For decades, the U.S. government has had a AAA rating.  On the scales used by the big three credit rating agencies, that is the highest credit rating that a government can get.  Moody’s scale actually uses lettering that is a little different from the other two big agencies (“Aaa” instead of  “AAA”), but you get the point. Right now, the U.S. government is closer than ever to losing its AAA rating.  The threat of a rating downgrade is going to continue to grow regardless of how the political theater that we are watching unfold in Washington D.C. plays out.   The truth is that the federal government has accumulated a debt that is so vast that it will never be paid back.  In fact, we are rapidly approaching the point when this debt will no longer be serviceable.  If the credit rating of the U.S. government is not slashed right now, it will be soon enough.  In fact, the truth is that the U.S. government is such a financial mess that it should have been done long ago.  But whenever the United States does lose its AAA rating, we could potentially see financial hell unleashed because it will also mean that there will almost certainly be a wave of credit rating downgrades from coast to coast.

As I have written about previously, government debt becomes more painfulthe higher that interest rates go.  When the big credit agencies downgrade the credit rating of a government, that is a signal to investors that they should ask for higher interest rates on debt issued by that government.

This does not always play out in practice (just look at Japan), but nations such as Greece, Portugal and Ireland sure are going through financial hell right now as they deal with reduced credit ratings and soaring interest rates.

Right now, the U.S. government is able to borrow gigantic quantities of money at ridiculously low interest rates. This is the primary reason why the debt disaster predicted by so many in the past has not arrived yet.
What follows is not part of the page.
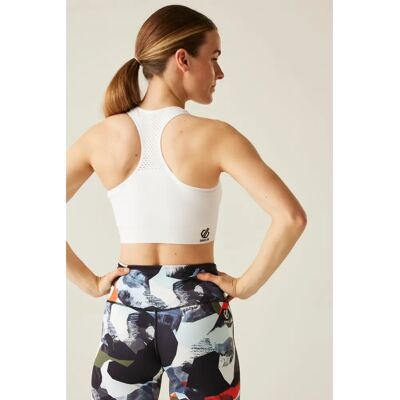 Dare2b Soutien-gorge de sport Femme Dont Sweat It II Blanc S - Buste 80.01cm - Publicité Dare2b Soutien-gorge de sport Femme Dont Sweat It II Blanc S - Buste 80.01cm - Publicité
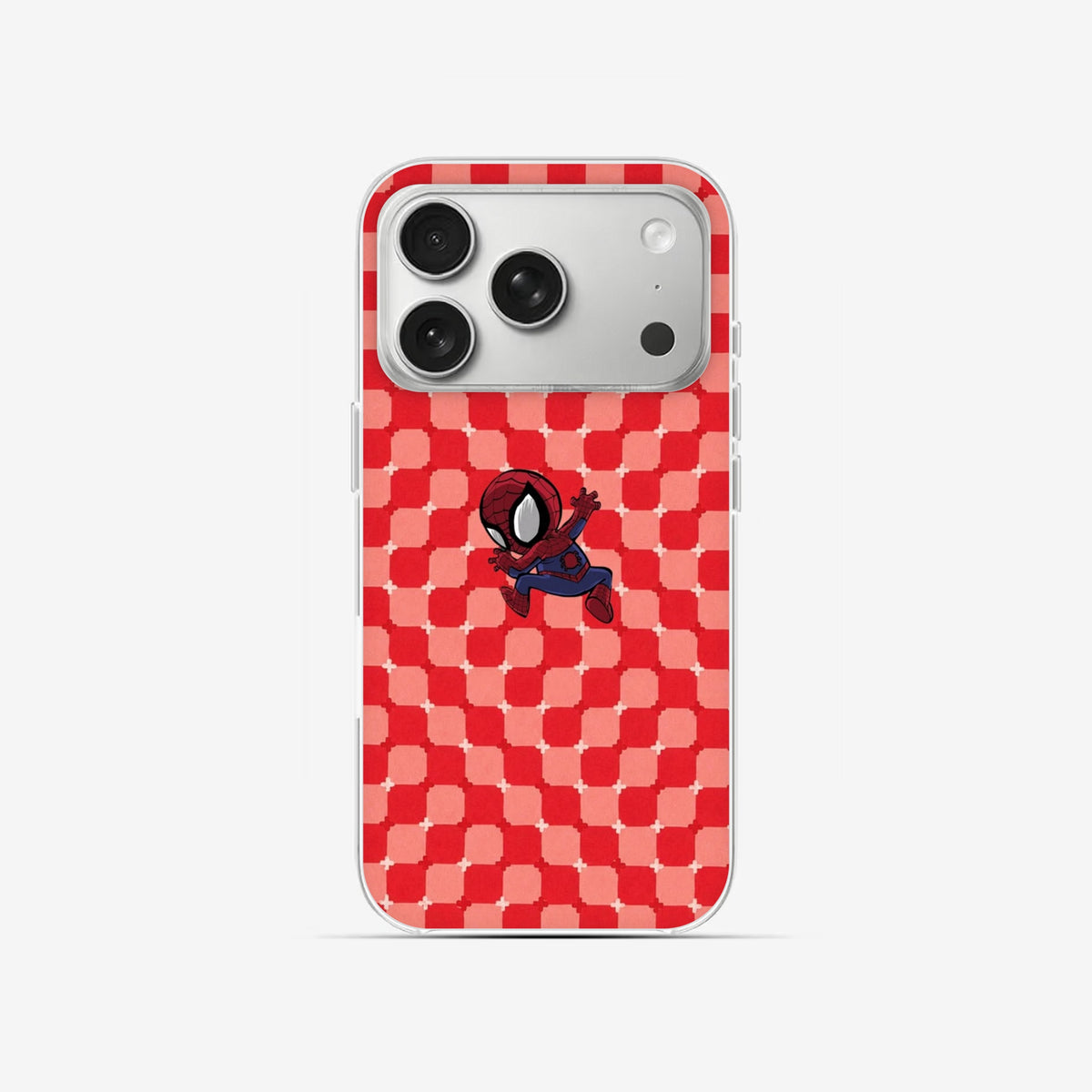 Red Ripple - Clear Silicone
If the credit rating of the U.S. government is downgraded, it could finally get investors all over the world to realize that the game is over and that they should be demanding much higher returns on debt issued by the U.S. government.  The truth, as U.S. Representative Ron Paul put it recently, is that the U.S. government is already “insolvent” and at some point we are all going to have to face reality….

“Ultimately, the fundamentals show this country is bankrupt.”

So whether or not it happens right now, the truth is that at some point the credit rating of the U.S. government is going to go down and interest rates are going to go up.

Unfortunately, it appears that this might happen sooner rather than later.

Earlier this week, Moody’s Investors Service publicly announced that it would be reviewing our Aaa bond rating for a possible downgrade.

On Thursday, S&P actually went so far as to announce that there is a “50 percent chance” that it will downgrade the credit rating of the U.S. government within the next three months.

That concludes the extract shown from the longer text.